> [Work instructions]:
Your task is to return all of the entries below exactly, leaving out each picture.

Pictures with short captions:
BEGIN
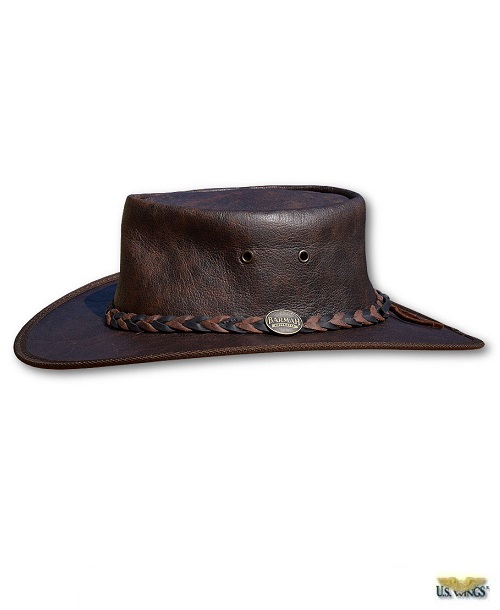 Vintage Kangaroo Outback Hat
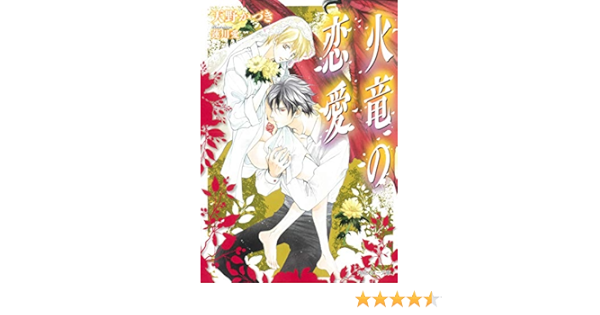 火竜の恋愛 角川ルビー文庫 天野 かづき 蓮川 愛 本 通販 Amazon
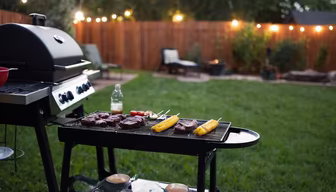 Backyard BBQ Backyard BBQ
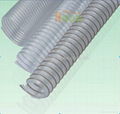 Food Grade silicone braided hose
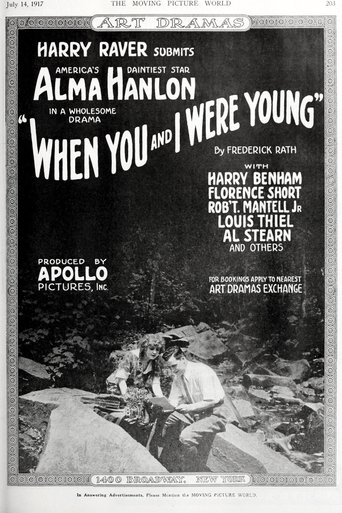 When You and I Were Young Poster of When You and I Were Young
END
> [Answer box]:
 Vintage Kangaroo Outback Hat
 火竜の恋愛 角川ルビー文庫 天野 かづき 蓮川 愛 本 通販 Amazon
 Backyard BBQ Backyard BBQ
 Food Grade silicone braided hose
 When You and I Were Young Poster of When You and I Were Young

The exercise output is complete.